# Setting Printer Margins



## fpat (Nov 4, 2000)

How can I set the margins to be used by my printer when printing a string?


----------



## Snake~eyes (Apr 18, 2002)

what language?


----------



## fpat (Nov 4, 2000)

VB 6


----------



## TimCottee (Oct 10, 2001)

I think you need to explain a little more what you actually want. Generally speaking you don't need to control the margins as such you just need to ensure that your string is correctly positioned within them on the page. Can you post a segment of the code and explain what it is that you are trying to do. Then we can certainly come up with an appropriate solution.


----------



## fpat (Nov 4, 2000)

I am really trying to find a way to add a Page Setup dialog box like that used in Word. It lets you set page margins and size, among other things that the Printer dialog box does not.


----------



## thecaptainjs (Jun 14, 2002)

I want to do the same thing. 
Here is the problem. 
I am trying to print something from a text box (VB6 by the way)
when the printer prints it, it has to lineup with the form its printing on
When i go to other printers (other then the one i am using), the margins are screwed up, they are to small. So i want to set the margins so that everything fits. Please help I am at a loss here
printer.setwidth, and the rest of those controls arent doing anything. I may just not know how to use them, but HELP!!!


----------



## briankm (Jun 12, 2002)

When using the VB6 Printer object: Use the Printer.CurrentX property to set where the text is to appear from the left edge; and use the Printer.CurrentY property to set where the text is to appear from the top edge. If you want better control, you can use the WIN API's or a third party printer control.

Brian


----------



## thecaptainjs (Jun 14, 2002)

Well the currenty is working great, but the currentx is only working for the first line, any ideas?


----------



## briankm (Jun 12, 2002)

thecaptainjs,

Here's how you can use CurrentX, CurrentY, TextHeight, TextWidth, ScaleHeight and ScaleWidth of the Printer object in VB to print on a printer (which is not always the best way to do printing). This method is best when you need to print onto a pre-printed form. For straight text output, you may just want to write to a temp file and shell to notepad....

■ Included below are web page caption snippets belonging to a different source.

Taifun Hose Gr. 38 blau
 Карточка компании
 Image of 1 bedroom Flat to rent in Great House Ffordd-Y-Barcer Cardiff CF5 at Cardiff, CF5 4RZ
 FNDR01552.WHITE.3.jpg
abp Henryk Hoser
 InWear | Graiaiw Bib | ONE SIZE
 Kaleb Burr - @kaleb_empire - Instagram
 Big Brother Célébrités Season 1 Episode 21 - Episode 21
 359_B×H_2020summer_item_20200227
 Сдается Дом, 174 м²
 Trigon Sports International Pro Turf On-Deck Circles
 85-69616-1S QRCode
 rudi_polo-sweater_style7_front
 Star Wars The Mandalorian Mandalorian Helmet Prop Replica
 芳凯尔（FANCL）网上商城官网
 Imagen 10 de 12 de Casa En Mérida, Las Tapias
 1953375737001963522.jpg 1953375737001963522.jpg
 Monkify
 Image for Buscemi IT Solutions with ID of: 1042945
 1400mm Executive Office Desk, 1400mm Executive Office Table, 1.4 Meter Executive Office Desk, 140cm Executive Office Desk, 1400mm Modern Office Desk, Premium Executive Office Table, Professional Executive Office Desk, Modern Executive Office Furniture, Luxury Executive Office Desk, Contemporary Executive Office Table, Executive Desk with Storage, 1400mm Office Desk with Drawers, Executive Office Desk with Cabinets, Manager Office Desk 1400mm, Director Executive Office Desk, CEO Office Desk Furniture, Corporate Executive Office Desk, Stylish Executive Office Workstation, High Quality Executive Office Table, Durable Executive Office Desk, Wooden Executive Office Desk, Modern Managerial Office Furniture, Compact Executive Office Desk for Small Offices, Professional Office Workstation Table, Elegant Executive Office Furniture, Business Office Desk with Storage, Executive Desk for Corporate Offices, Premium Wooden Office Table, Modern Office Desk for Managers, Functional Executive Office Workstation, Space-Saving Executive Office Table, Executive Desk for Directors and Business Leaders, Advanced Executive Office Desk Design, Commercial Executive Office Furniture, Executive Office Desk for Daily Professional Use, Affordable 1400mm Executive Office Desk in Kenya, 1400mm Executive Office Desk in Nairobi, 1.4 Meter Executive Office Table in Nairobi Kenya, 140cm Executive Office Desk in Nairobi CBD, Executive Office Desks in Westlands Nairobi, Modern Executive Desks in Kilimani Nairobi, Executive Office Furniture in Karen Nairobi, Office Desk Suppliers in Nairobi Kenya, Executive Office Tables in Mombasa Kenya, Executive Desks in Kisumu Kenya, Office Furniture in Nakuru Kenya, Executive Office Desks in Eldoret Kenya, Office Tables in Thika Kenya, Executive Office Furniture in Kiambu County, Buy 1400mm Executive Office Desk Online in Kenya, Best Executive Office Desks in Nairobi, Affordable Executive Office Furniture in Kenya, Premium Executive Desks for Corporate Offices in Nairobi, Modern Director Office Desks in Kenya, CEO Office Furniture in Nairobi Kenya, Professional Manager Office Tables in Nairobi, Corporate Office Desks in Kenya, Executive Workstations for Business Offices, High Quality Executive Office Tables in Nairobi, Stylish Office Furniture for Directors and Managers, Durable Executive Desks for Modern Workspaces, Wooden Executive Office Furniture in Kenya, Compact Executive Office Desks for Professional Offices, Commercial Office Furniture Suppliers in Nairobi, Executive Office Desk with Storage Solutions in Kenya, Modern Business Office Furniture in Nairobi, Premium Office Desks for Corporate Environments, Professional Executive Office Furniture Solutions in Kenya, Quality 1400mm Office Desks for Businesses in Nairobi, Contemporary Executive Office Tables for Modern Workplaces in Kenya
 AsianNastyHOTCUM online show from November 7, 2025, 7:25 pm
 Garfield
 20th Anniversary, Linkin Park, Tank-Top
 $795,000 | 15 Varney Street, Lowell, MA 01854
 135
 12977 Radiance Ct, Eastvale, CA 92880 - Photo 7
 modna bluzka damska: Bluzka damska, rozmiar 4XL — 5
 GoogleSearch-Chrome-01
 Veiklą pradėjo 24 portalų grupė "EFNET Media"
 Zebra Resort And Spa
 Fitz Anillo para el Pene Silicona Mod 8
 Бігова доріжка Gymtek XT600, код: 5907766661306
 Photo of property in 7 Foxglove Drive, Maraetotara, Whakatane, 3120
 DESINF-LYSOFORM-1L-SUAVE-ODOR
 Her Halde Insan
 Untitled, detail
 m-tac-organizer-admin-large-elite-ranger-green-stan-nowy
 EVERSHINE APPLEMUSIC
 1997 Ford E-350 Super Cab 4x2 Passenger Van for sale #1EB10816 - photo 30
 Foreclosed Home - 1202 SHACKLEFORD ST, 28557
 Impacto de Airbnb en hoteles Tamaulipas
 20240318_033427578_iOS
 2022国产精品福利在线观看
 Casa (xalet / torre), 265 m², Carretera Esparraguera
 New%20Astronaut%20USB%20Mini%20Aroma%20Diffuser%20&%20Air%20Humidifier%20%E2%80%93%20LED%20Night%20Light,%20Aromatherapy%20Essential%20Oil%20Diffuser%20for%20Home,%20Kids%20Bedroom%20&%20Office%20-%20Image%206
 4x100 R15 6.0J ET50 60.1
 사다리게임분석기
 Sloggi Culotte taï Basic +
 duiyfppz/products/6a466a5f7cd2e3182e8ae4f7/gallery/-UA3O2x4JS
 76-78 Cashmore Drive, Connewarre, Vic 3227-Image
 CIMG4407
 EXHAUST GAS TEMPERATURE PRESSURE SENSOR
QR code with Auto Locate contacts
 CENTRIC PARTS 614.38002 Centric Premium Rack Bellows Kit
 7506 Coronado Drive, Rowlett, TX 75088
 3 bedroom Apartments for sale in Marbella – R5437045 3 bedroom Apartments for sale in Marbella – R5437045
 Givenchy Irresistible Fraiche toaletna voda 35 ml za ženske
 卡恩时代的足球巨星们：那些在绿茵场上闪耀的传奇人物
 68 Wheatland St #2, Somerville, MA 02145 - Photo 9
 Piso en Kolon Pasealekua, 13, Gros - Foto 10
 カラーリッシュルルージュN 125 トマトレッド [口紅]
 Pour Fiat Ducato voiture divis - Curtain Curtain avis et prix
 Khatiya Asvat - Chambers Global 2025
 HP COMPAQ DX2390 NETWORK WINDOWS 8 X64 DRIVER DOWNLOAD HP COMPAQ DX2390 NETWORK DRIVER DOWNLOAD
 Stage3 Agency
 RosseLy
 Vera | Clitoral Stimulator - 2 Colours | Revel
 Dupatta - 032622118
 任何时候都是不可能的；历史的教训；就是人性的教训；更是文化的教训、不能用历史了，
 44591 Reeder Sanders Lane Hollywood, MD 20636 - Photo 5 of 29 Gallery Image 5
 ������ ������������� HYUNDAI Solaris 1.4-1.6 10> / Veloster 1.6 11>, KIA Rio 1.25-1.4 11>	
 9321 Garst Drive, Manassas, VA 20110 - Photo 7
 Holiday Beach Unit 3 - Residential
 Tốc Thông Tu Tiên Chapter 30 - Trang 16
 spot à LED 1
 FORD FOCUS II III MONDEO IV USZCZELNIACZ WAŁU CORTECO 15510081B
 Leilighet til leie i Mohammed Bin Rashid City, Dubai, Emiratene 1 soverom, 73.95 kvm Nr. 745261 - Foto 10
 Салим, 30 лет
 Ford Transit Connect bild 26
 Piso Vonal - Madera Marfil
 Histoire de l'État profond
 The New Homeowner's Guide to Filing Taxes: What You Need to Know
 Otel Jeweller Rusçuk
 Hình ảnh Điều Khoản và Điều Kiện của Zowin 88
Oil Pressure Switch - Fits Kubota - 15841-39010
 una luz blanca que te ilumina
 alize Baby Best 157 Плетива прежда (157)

CurrentX and CurrentY are used to position the pen point for graphics and print output on a form, picturebox and the printer object. You can use the same methods and properties for each. The pen point is used for the first character when outputting text. Text will then flow from that point on. To stop at a margin, you must manually stop output and handle wrapping yourself.

====
When you Print a fragment of text, you can use the following:
1. lngNumCharsPerLine = (Printer.ScaleWidth - (lngMarginWidth *2))\Printer.TextWidth to see how many characters will print on one line for a fixed width font. For non-fixed width fonts use Printer.TextWidth(strTextToPrint) to see if the line of text will fit within your print area. Embedded CRLF's will wrap text but will print all lines after the first line at a CurrentX = 0;

2. After printing a single line of text, use Printer.CurrentY = (Printer.CurrentY + Printer.TextHeight) to set your new CurrentY and reset your Printer.CurrentX = lngMarginWidth; and

3. When Printer.CurrentY >= (Printer.Scaleheight - (lngTopMargin + lngBottomMargin)) then you are onto a new page.


As a tip, write a generic Function to print all the lines of text, and another to Draw lines, etc....

Brian


----------